#### ACTIVITY
Would you transcribe the listing that follows word for word, skipping pictures?

[SOURCE MATERIAL Boundary: Start]

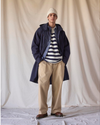 View of model wearing Navy Blazer Dockers® x Transnomadica Squall Coat.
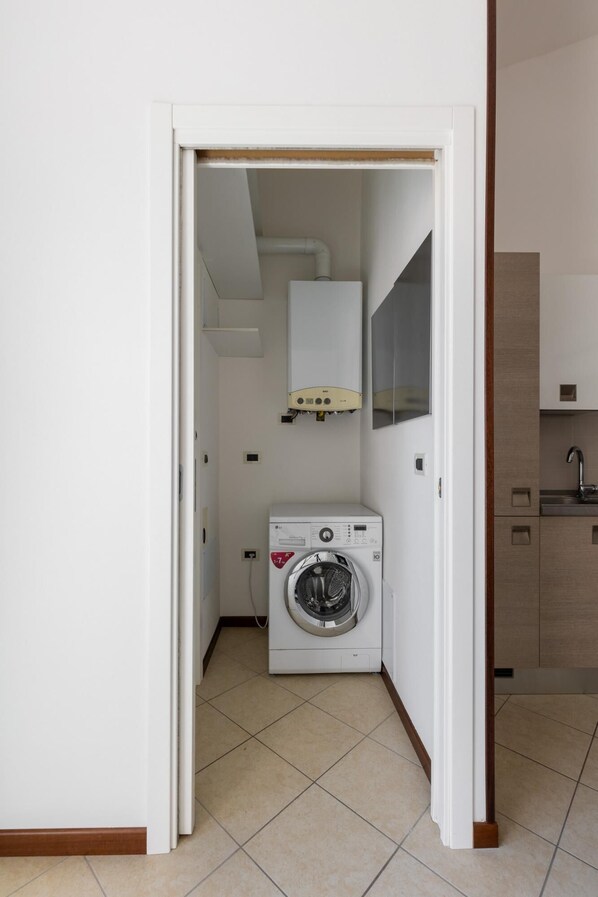 Une buanderie équipée d’un lave-linge et d’un sèche-linge, un petit coin cuisine avec un évier et un sol carrelé.
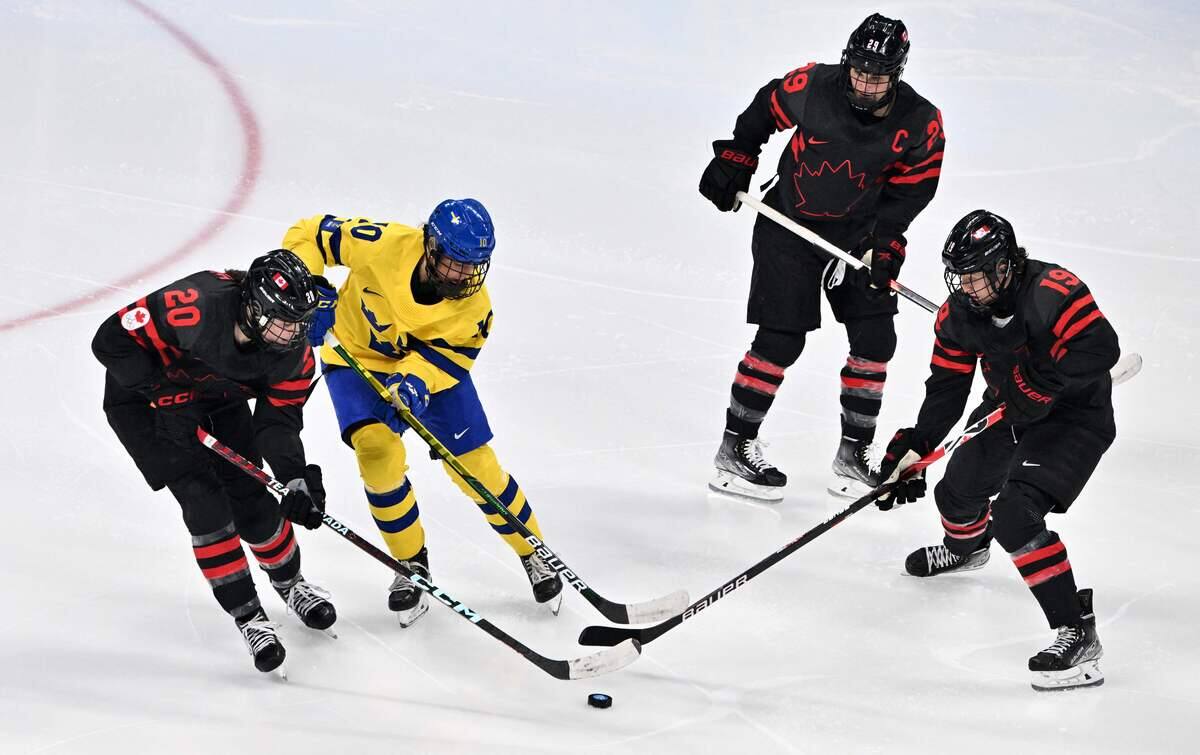 Jeux de P&eacute;kin: Marie-Philip Poulin et le Canada passent en demi-finale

[SOURCE MATERIAL Boundary: End]

#### PROBLEM SOLUTION
 View of model wearing Navy Blazer Dockers® x Transnomadica Squall Coat.
 Une buanderie équipée d’un lave-linge et d’un sèche-linge, un petit coin cuisine avec un évier et un sol carrelé.
 Jeux de P&eacute;kin: Marie-Philip Poulin et le Canada passent en demi-finale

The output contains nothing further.